人間は,ある感情(不安・緊張など)に意識を集中させると,その感情に対して敏感になります。その敏感になった感情により,さらに注意がその感情に向かうようになります。この感情と注意が相まって交互に作用することで,それらが増大するといった精神状態をいいます。また,この過程を森田は「とらわれ」と呼びました。

ヒポコンドリー性基調

森田は精神の状態と身体の状態が同時に起こると考えています。
ヒポコンドリーとは,不安・心配などの否定的な感情におちいると,身体の具合が悪くなり(みぞおちの辺りがザワザワする等),生理学的な身体症状が出やすくなるという,生理学的な現象です。それは主に素質から作られるものと考えられています。自律神経が乱れやすい傾向です。精神交互作用と同時に発生します。

事実唯真(じじつゆいしん)

事実唯真とは,「事実だけが実体のある真実である」ということです。事実とは体験を通して得られるもので,頭の中だけで理解したことは事実とはいえません。世の中のできごとをありのままに見ることを心掛けることが大切です。自分の思い込みなどで事実を歪めてはいけません。「面倒なことは嫌である」,「心配することは仕方ない。」というように,事実として,素直に感じることです。
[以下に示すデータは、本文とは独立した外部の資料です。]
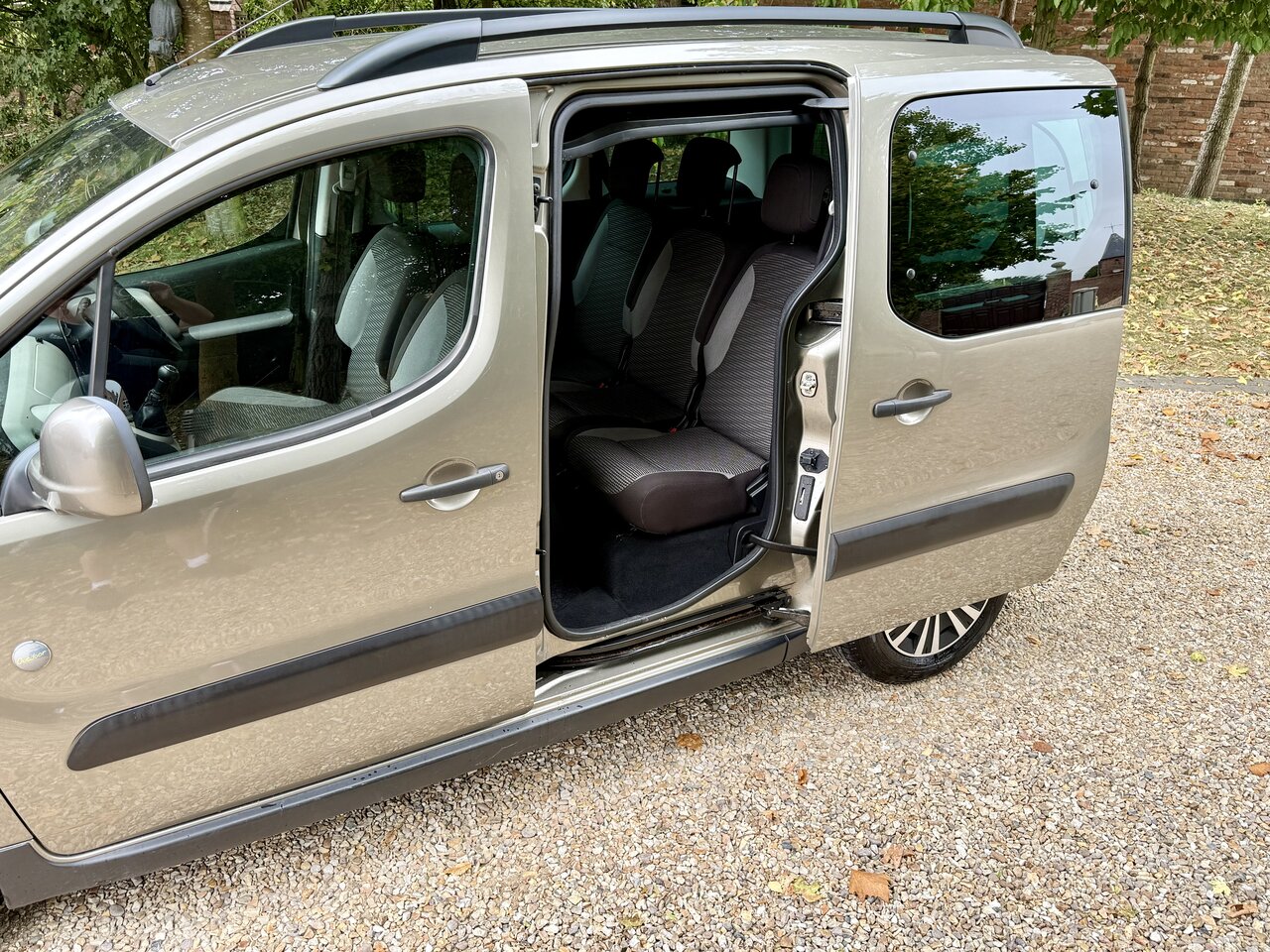 Used Peugeot Partner Tepee 2012 for sale - 76344871: Photo 30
森田療法によって「思想の矛盾」や「精神交互作用」が打破されることによって事実をありのままに経験できるようになります。

感情の法則

感情の法則とは,森田が人間の「感情」の性質について述べたものです。精神交互作用を打破するためには,感情の法則を体験することが必要となります。
以下に,その中の3つを挙げます。

1, 感情はその刺激が継続して起きる時と,注意をそれに集中する時に増々強くなります。
2, 感情はその感覚に馴れるに従い,その鋭さを失い,次第に感じなくなっていきます。
3, 感情は,そのままにしておく,あるいは自然に生じるままにしておけば,強まったり,
弱まったりを繰り返しながら,あるレベルに達すると,ついには消失します。


生の欲望・死の恐怖

健康な「事実唯真」の立場に立つと,「生の欲望」「死の恐怖」の二つが健康に回復されます。森田は,欲望が恐怖を生むと考えました。人間の基本的な欲望は生存欲です。つまり,「生きたい」という「生の欲望」です。その欲望は「死ぬのはこわい」という苦悩,「死の恐怖」(不安など)を生みます。私たちの生きるという自然な欲望には,「死の恐怖」が最初から含まれていることになります。
「生の欲望」の具体例としては以下があります。

1.病気になりたくない,死にたくない,生きたい。
2.より良く生きたい,人に軽蔑されたくない,人に認められたい。
3.色々なことを知りたい,勉強したい。
4.偉くなりたい,幸福になりたい。
5.向上発展したい。

そして,これら「生の欲望」死の恐怖」を同時に体験するようになることが健康な精神の状態です。

◎森田正馬

森田療法を考案した森田正馬は1874年に生まれ,1938年に肺炎のため死去された。1898年,東京帝国大学医科大学入学,1903年,東京慈恵医院医学専門学校教授となる。森田療法の確立は1920年頃といわれている。1937年東京慈恵医科大学名誉教授。